Abstract
We present an extensive investigation (24 experiments) of a new case of prosopagnosia following right unilateral damage, GG, with the aim of addressing two classical issues: (1) Can a visual recognition impairment truly be specific to faces? (2) What is the nature of acquired prosopagnosia? We show that GG recognizes nonface objects perfectly and quickly, even when it requires fine-grained analysis to individualize these objects. He is also capable of perceiving objects and faces as integrated wholes, as indicated by normal Navon effect, 3D-figures perception and perception of Mooney and Arcimboldo face stimuli. However, the patient could not perceive individual faces holistically, showing no inversion, composite, or whole-part advantage effects for faces. We conclude that an occipito-temporal right hemisphere lesion may lead to a specific impairment of holistic perception of individual items, a function that appears critical for normal face recognition but not for object recognition.
. Introduction
The ability to recognize people from their face is a fundamental brain function which holds a high social value. It is also an extremely complex function, which is nevertheless performed quite well in human adults. The adult human brain has developed mechanisms allowing, for instance, recognizing a familiar person from its face in less than half a second (Bruce & Young, 1986), or encoding new faces in memory effortlessly during the entire life (e.g., Bahrick, Bahrick, & Wittinger, 1975). Yet, interestingly, the field of face recognition was originally based upon the study of people who, following brain damage, have lost this expertise in recognizing faces.

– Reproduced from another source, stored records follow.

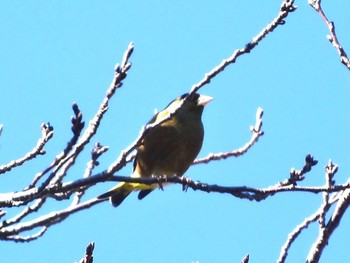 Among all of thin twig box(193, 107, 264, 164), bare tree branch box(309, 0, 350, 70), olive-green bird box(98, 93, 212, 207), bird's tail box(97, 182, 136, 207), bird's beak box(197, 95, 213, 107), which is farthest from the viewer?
bird's beak box(197, 95, 213, 107)

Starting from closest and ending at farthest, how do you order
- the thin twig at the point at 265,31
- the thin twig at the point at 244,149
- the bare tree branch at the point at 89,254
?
the bare tree branch at the point at 89,254 → the thin twig at the point at 265,31 → the thin twig at the point at 244,149

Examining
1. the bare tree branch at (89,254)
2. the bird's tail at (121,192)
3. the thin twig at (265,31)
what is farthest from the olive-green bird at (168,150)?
the bare tree branch at (89,254)

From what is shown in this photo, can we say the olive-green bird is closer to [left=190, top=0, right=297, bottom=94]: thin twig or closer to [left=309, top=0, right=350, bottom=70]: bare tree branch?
[left=309, top=0, right=350, bottom=70]: bare tree branch

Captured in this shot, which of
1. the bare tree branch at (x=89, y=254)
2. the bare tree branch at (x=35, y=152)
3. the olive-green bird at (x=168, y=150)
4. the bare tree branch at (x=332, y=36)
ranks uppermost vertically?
the olive-green bird at (x=168, y=150)

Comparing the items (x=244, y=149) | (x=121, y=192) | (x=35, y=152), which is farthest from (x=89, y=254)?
(x=121, y=192)

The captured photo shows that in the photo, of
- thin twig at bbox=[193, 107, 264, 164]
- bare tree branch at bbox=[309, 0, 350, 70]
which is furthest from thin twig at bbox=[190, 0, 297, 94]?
thin twig at bbox=[193, 107, 264, 164]

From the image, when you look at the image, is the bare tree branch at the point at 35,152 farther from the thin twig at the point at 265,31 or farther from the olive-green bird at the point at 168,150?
the olive-green bird at the point at 168,150

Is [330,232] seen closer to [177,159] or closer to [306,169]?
[306,169]

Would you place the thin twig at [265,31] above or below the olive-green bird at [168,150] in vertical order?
below

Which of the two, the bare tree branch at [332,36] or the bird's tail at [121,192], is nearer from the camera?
the bare tree branch at [332,36]

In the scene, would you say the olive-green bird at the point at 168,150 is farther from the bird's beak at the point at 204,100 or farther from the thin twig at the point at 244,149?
the thin twig at the point at 244,149

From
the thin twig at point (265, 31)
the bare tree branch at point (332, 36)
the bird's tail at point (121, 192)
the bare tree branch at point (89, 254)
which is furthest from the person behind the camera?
the bird's tail at point (121, 192)

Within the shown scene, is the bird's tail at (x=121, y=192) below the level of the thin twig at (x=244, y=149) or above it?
above

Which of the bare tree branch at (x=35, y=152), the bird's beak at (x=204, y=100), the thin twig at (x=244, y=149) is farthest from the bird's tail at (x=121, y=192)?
the bare tree branch at (x=35, y=152) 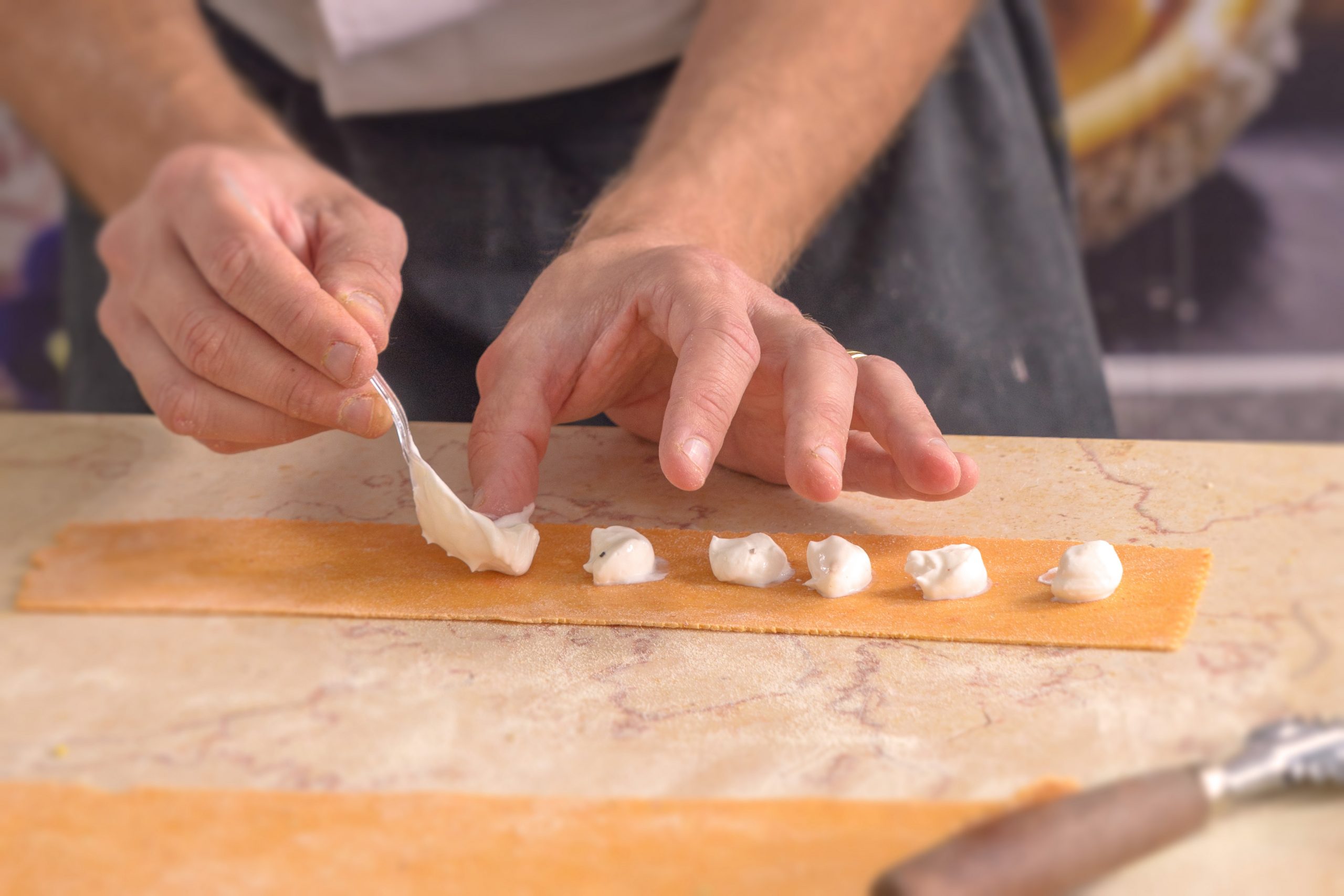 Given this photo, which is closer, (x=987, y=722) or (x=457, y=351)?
(x=987, y=722)

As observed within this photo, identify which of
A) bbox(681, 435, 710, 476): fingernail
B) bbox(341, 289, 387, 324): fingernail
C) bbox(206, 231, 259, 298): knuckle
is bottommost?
bbox(206, 231, 259, 298): knuckle

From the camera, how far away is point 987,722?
0.41 m

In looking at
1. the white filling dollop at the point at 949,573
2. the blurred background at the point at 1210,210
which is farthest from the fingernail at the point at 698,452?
the blurred background at the point at 1210,210

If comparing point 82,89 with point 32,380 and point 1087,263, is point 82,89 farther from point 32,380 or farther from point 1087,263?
point 1087,263

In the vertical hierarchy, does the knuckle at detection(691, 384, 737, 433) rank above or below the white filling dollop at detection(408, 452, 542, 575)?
above

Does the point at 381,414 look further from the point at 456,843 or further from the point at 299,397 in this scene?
the point at 456,843

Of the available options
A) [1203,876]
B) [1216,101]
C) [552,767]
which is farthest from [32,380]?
[1216,101]

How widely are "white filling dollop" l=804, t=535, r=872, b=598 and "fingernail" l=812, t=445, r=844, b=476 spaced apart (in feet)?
0.11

Difficulty in face recognition as a major symptom in patients with cerebral disease was first reported in the nineteenth century (Charcot, 1883, Quaglino and Borelli, 1867, Wigan, 1844 and Wilbrandt, 1887). However, it was Bodamer (1947) who proposed to isolate the disorder on the basis of three cases, and introduced the term prosopagnosia from the Greek “prosopon” (face) and “a-gnosia” (without knowledge). Prosopagnosia is classically defined as the inability to recognize individual faces following brain damage, an impairment that cannot be attributed to intellectual deficiencies or low-level visual problems ( Benton, 1980, Bodamer, 1947, Hécaen and Angelergues, 1962 and Rondot and Tzavaras, 1969). Prosopagnosic patients also generally still retain their ability to recognize people by other cues: the voice or other visual traits such as gait, size, clothes, or even facial features (moustache, scar, freckles, …) or accessories (ear-rings, eyeglasses, piercings, …).
Over the years, tens of cases of prosopagnosia following brain damage have been reported, although extensive neuropsychological investigations of prosopagnosic patients remain quite rare (e.g., Anaki et al., 2007, Barton, 2008a, Delvenne et al., 2004, Lhermitte et al., 1972, Riddoch et al., 2008, Rossion et al., 2003, Sergent and Signoret, 1992a and Sergent and Villemure, 1989).
Both in traditional (cognitive) neuropsychology and in modern cognitive neuroscience, the lesion method is seen as an invaluable and unique way of understanding normal brain function (e.g., Caramazza, 1986, Damasio and Damasio, 1989, Farah, 1990, Farah, 2004, Humphreys and Riddoch, 1987 and Shallice, 1988), in particular with respect to face recognition. Such patient studies contribute to shaping our knowledge and conceptions of the processes involved in normal face recognition and their underlying neural networks.
From a functional point of view, there are two main debates concerning prosopagnosia, which have direct implications for understanding face recognition: (1) Can the impairment truly be restricted to face recognition (i.e. face-specific)? (2) What is the nature of the disorder, that is, what is at the heart of our expertise in facial recognition, and which is lost in these patients? These two issues have proved quite difficult to resolve and are still debated (e.g., Barton, 2009, Damasio et al., 1982, De Renzi, 1986a, Hécaen, 1981, Riddoch et al., 2008, Rondot and Tzavaras, 1969 and Sergent and Signoret, 1992a).